Auch wenn es in weiten Kreisen vehement bestritten wird, kann Vernunft heute durchaus mit wirtschaftlichen Interessen gleichgesetzt werden. Dies erkannte auch die spanische Philosophin, Aktivistin und Schriftstellerin María Zambrano (1904-1991).
María Zambrano dachte den Begriff der Vernunft neu. Sie wandte sich von einer patriarchalisch geprägten Vernunft ab, die in wirtschaftlichen Interessen gipfelt und dabei das Sein des Menschen vernachlässigt.
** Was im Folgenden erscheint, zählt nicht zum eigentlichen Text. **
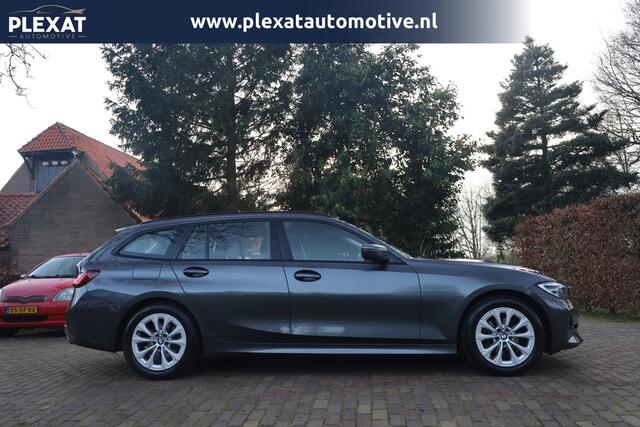 BMW 3-Serie Touring 318i High Executive Aut. | Zomer + Winterset | Full Led | Apple Car Play | Keurige staat | Dealeronderhouden |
María Zambrano wuchs in Spanien auf und studierte dort Philosophie. Als 1936 der Bürgerkrieg ausbrach, war sie Gründungsmitglied der “Alianza de Intelecutales Antifascistas”. In dieser Zeit schrieb sie über die Rolle der Intellektuellen im Kampf gegen den Faschismus. Als 1939 das Franco-Regime siegte, musste sie fliehen. Es begann ein Leben im Exil, das fünf Jahrzehnte dauern sollte.
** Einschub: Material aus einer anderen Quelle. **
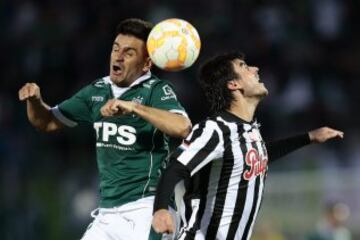 El jugador del Santiago Wanderers Paulo Rosales (i) disputa el balón Gustavo Mencia (d), de Libertad.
Frankreich, Kuba, Mexiko, Puerto Rico, Italien und die Schweiz waren die Länder, in denen sie in dieser Zeit lebte. Die Erfahrung, im Exil leben zu müssen, brachte sie ihrer Philosophie näher, dass das ganze Leben ein Exil sei.
Denn in der modernen Kultur sei der Mensch auf der Flucht vor einer Vernunft, einer Vernunft, die ihn mit seinem Ursprung verbindet. Durch das Exil - real oder metaphorisch - erfährt der Mensch einen Ich-Verlust, eine Existenzverneinung und fühlt sich infolgedessen in seinem Sein ortlos, nicht verortbar.
Wenn nun, anders als in der abendländischen philosophischen Tradition, eine poetische Vernunft hinzukommt, wenn also Herz und Seele einbezogen und nicht übergangen werden, wenn über Liebe und Tod philosophiert wird, dann geschieht ein Blick des Herzens. Dann wird das Sein zum Ergreifen des Lichts.
Vielleicht ruft ein Vogel und lädt ein, den Weg zu gehen, den seine Stimme anzeigt. Und man folgt ihr; dann findet man nichts, nichts außer einem unberührten Ort, der sich in diesem einzigen Augenblick geöffnet zu haben scheint und der sich niemals wieder so darbieten wird. Man darf ihn nicht suchen. Man darf nicht suchen. Das lehren die Waldlichtungen auf der Stelle: man darf sich nicht aufmachen, sie zu suchen und auch nicht, in ihnen etwas zu suchen. Nichts Bestimmtes, Vorgeformtes, Bekanntes.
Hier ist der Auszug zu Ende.